Nonostante le parole del vicepremier, va anche considerato che attualmente i 18 pescatori si trovano in un’area controllata da Tobruk. A incidere, si spera, il cessate il fuoco deciso nel mese di ottobre, che ha parzialmente riportato la calma fra le due fazioni in lotta. E un’apertura più decisa al dialogo.
Nel frattempo, la Regione Sicilia ha deciso di stanziare un fondo di 150 mila euro per le famiglie degli equipaggi e per i due armatori dei pescherecci. Rispettivamente, 100 mila per le prime e altri 50 per i secondi, come risarcimento per i danni economici subiti dal sequestro del Medinea e dell’Antartide.

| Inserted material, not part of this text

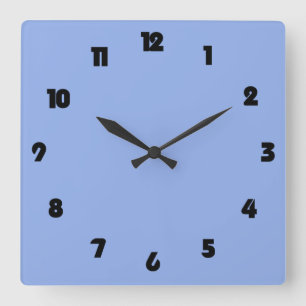Fat Black Numbers on Blue Wccn Quadratische Wanduhr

Un corrispettivo che, però, non smorza l’angoscia di quanti, ormai da tre mesi, sperano di rivedere, almeno per le feste di Natale, i propri cari. Imbrigliati in quello che il Ministero degli Esteri ha definito “un contesto delicato”, rispondendo a una missiva del Comune di San Benedetto del Tronto.
Una situazione che rammenta “la necessità di perseguire una stabilizzazione duratura della Libia. A tale riguardo, l’Italia assicura il suo pieno sostegno al Processo di Berlino a guida Onu in vista di una soluzione politica complessiva per il Paese”.